On Chesil Beach - Ian McEwan

On Chesil Beach by Ian McEwanIt is July 1962. Florence is a talented musician who dreams of a career on the concert stage and of the perfect life she will create with Edward, an earnest young history student at the University College in London, who unexpectedly wooed and won her heart. Newly married that morning, both virgins, Edward and Florence arrive at a hotel on the Dorset coast. At dinner in their rooms they struggle to suppress their worries about the wedding night to come. Edward, eager for rapture, frets over Florence's response to his advances and nurses a private fear of failure, while Florence's anxieties run deeper: she is overcome by sheer disgust at the idea of physical contact, but dreads disappointing her husband when they finally lie down together in the honeymoon suite.

Ian McEwan has caught with understanding and compassion the innocence of Edward and Florence at a time when marriage was presumed to be the outward sign of maturity and independence. On Chesil Beach is another masterwork from McEwan -- a story of lives transformed by a gesture not made or a word not spoken.

For my first bite at the McEwan apple, I was quite impressed.

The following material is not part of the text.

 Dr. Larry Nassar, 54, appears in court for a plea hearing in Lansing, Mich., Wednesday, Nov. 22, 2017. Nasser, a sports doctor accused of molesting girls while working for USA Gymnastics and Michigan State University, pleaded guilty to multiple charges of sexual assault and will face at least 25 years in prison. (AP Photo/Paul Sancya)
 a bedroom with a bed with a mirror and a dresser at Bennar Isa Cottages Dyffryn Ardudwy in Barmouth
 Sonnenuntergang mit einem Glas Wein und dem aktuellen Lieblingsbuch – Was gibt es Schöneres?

On Chesil Beach was beautifully written and I loved what he wrote...for the most part. I feel the book is best talked about in two parts: 1) the wedding day 2) the rest of the book.

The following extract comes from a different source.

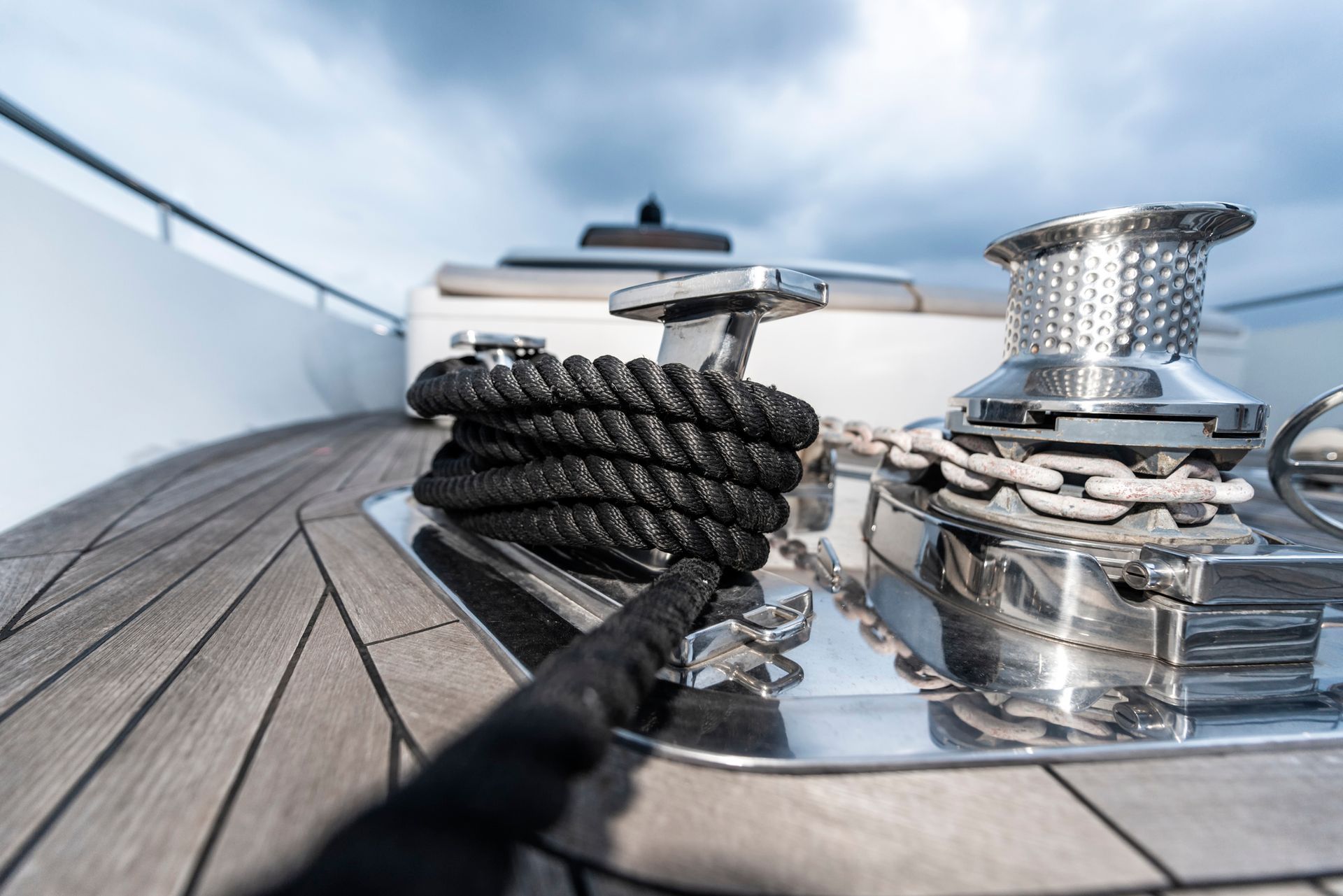 A boat with a rope and a winch on the deck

In that first part, the wedding day, we have a man and woman who are as awkward with each other as they are in love. They fumble through conversation before fumbling at each other's clothing. They have never had difficulty communicating, but there is one glaring oversight in their conversational past: he could not wait to get into bed with her and she did not want to ever get into bed with him. The chapters that chronicle that day were rife with sexual tension and apprehension, and they were often pretty descriptive.

(I can accept that Americans are typically considered prude by the rest of the world, and if you have ever been uncomfortable by adult situations and bizarrely literary sexual euphemism in text you may have to skip over a few paragraphs.)

To characterize the second part of the book, that which did not occur on the couple's wedding day, I would consider it beautiful in its simplicity and innocence. The care with which McEwan handled their relationship as it budded through the soil was perfectly gentle. I really enjoyed how much of the story revolved around both Edward and Florence's families. Their separate family dynamics showed how they found solice in each other's company; they were each other's escape into a new-found reality.

On Chesil Beach was wonderfully tragic, if tragedy can be wonderful; (a little) funny; and all-around superbly written. Ian McEwan has been a celebrated author for many years and if On Chesil Beach is representative of his earlier work it is not difficult to see why he has received such praise.